We have teamed up with Abbott to produce an article series on the future of corporate philanthropy. Please read the rest of the series here.
In 2006, Blake Mycoskie started as a shoe company. He also started a movement. Well, at the very least, he trademarked a movement: One for OneTM.
Having witnessed extreme poverty during a trip to Argentina, Mycoskie was inspired to start a footwear company in which, for each pair of shoes sold, he’d donate a new pair to a child who, like so many he met in Argentina, is in dire need of shoes. TOMS was born.
By September of 2010, TOMS had given more than one million new pairs of shoes to kids in need around the world and had pushed “one for one,” (sometimes also called “buy one, give one” or BOGO) into the lexicon of socially-progressive entrepreneurs — and consumers.
Today, you can buy one pair of rain boots and give one, you can buy one backpack and give one. You can even…uh, buy a pair of shoes exactly like TOMS, but called (no kidding) BOBS, and made by (no kidding) Skechers, and give one (for $2 less than TOMS, thank you).
With TOMS eyewear, which the company launched this year, one pair of purchased sunglasses doesn’t necessarily equate one pair of prescription glasses for someone in need in a remote land, but it does add to the eye treatment, glasses and eye surgery that’s enabled through TOMS’ “Sight Giving Partners.”
But competitor Warby Parker built its eyeglass company on the true one for one foundation that TOMS laid. For each pair of $95 (Rx glasses or sunglasses) it sells, Warby Parker partners with NGOs to give a person in need a pair of glasses. Plus, as you’ll learn in this great BBMG Green Room interview, it’s looking to make a run against the $16 billion eyewear monopoly market.
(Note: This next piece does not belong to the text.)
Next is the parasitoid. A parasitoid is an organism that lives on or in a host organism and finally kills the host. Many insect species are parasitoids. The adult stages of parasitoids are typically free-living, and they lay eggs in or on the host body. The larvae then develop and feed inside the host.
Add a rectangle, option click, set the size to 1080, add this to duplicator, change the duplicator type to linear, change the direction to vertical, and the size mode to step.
There’s another important difference between the TOMS and Warby Parker approaches to addressing global vision needs. As 3p’s Raz Godelnik pointed out last month, Warby Parker is attempting to grow not only its business, but businesses in the areas of the world where it’s trying to improve vision. To do this, it’s working to foster entrepreneurs and establish eye clinics in the countries where its NGO partners work (Latin America, Africa, South Asia).
It seems like social entrepreneurs that take this more integrative approach, rather than merely giving material hand-outs to those in need, should have more currency with consumers. But will they? Certainly, the bar is higher with the more integrative approach. It requires a company to be two things at once — a business-to-consumer (B to C) and a business-to-business (B to B) outfit.
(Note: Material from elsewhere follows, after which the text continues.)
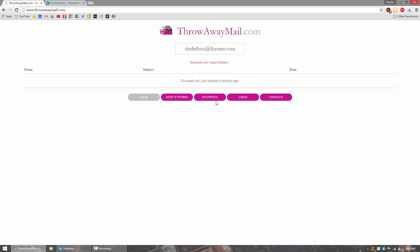But then you never have to worry about it again because once you close the browser, this email address no longer exists. So when they send email spam and stuff like that, you don't personally receive it on your own personal email address.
And, beyond that, consumers might not care whether the one for one companies they buy from are going as deep as Warby Parker, or if they’re just providing handouts (of shoes, of backpacks, of whatever) in their name.
Buying a pair of TOMS makes a consumer feel like a philanthropist. At the end of the day, that’s what really attracts consumers to one for one products. The impact those donated shoes, or the donated whatevers, has or doesn’t have on a impoverished community thousands of miles away won’t likely come into question.
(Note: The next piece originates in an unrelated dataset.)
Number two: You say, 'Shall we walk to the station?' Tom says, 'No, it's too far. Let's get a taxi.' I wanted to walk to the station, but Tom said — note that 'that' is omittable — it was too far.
So, this begs the question: what one-for-one business model is going to have the biggest impact?
You might look to Warby Parker and see tremendous potential for building a business while also taking a real punch at poverty, since by giving sight to those who would otherwise not have glasses, they’re also enabling them to do tasks they couldn’t otherwise do. That will lead to being able to work, or to read, and to grow their communities. But on the other hand, Skechers is a $2 billion company that could probably put a nice chunk of the developing world in shoes if it really embraced the one for one model (which it won’t, beyond this little BOBS line, but just dream it with me, here). Such a move could make for a whole lot of consumer-philanthropists.